La struttura sanitaria è incompleta, il personale albanese non sempre ha titoli equiparati, e i rimandi a ospedali locali non garantiscono standard compatibili con i diritti sanciti dall’articolo 32 della Costituzione. La salute diventa, anche essa, un diritto degradato. I migranti in Albania non hanno accesso alle stesse cure né alla stessa tutela giuridica.
Il costo della propaganda
Dietro tutto questo manca completamente un piano razionale. Lo riconosce lo stesso report: il nuovo “uso” del Protocollo non ha efficacia, non ha coerenza con gli obiettivi dichiarati di rimpatrio. Serve solo a esibire fermezza.
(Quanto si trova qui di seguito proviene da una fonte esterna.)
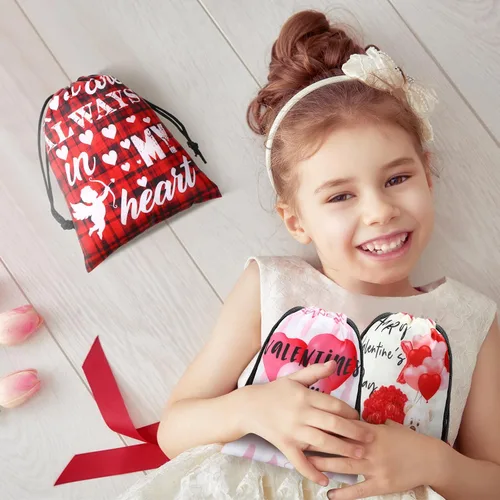 Vista 5 de Berlune 24 bolsas con cordón para el día de San Valentín, reutilizables a granel, bolsas de regalo de globos de gnomo de corazón rosa y rojo, 7 x 10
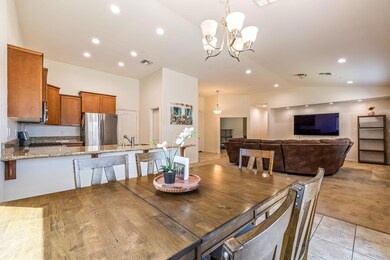 10-web-or-mls-2398_JamesCt_010
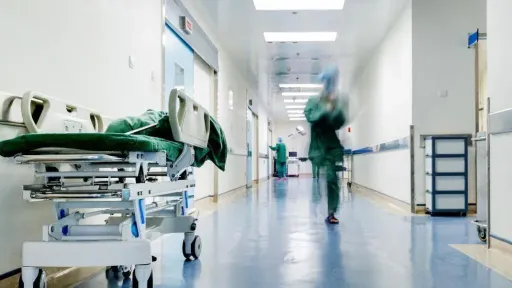 Private health sector under scrutiny over unjustified costs and price opacity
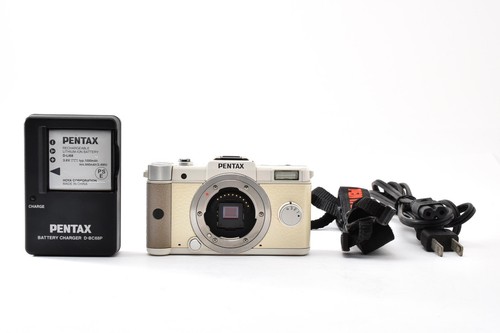 Pentax mirrorless digital - q,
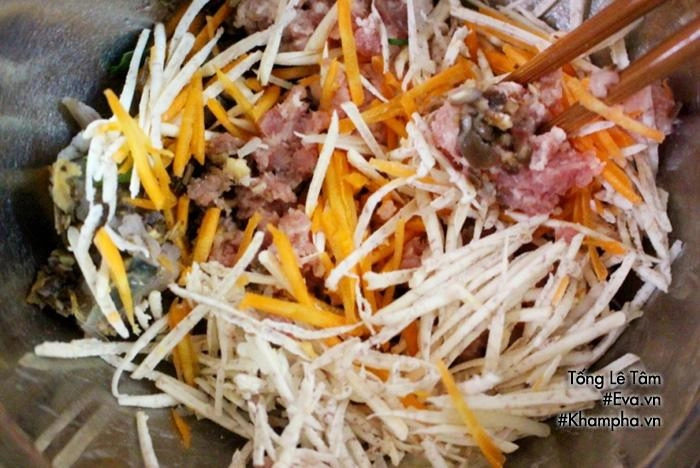 Cuối tuần làm nem rán nhân khoai môn vàng ươm giòn rụm đãi cả nhà - 1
È un atto propagandistico che utilizza la vita delle persone per mantenere consenso politico. È uno spettacolo istituzionale in cui la punizione diventa messaggio e il dolore diventa deterrente. Ma non funziona: i numeri lo smentiscono.
E tuttavia continua. Proprio perché è utile non tanto a gestire le migrazioni, quanto a dare forma simbolica a un’ideologia di controllo e marginalizzazione.
L’informazione come ostacolo (da rimuovere)
Il tratto più grave e inquietante, però, è l’opacità. I nomi delle persone trattenute, le nazionalità, i motivi dei trasferimenti: tutto è secretato, retto da una narrazione unilaterale di efficienza e deterrenza, smentita da fatti e cifre. Ma è proprio in questo blackout informativo che si rivela la vera natura del “modello Albania”: uno spazio costruito per non essere visto, per non essere discusso, per sottrarsi al diritto. È il modo con cui si costruisce il silenzio attorno alle persone e si depotenzia ogni critica democratica.
Il report si chiude con un appello: sospendere i trasferimenti, cancellare l’accordo. Non si tratta solo di rispetto dei diritti umani, ma della salvaguardia dell’ordine giuridico democratico. Se uno Stato può trasferire coattivamente individui in un altro Paese, senza controllo, senza motivazione, senza difesa, allora il confine non è più solo geografico: è il punto in cui il diritto si spegne. Il “modello Albania” mostra cosa succede quando si tollera la sospensione dei diritti in nome dell’ordine. Mostra quanto è fragile la dignità, quando diventa merce di scambio nella comunicazione politica. Mostra quanto costa – a tutti – girarsi dall’altra parte.
Nessun confine vale una vita. Ma oggi, anche in Italia, c’è chi è pronto a sacrificare entrambe.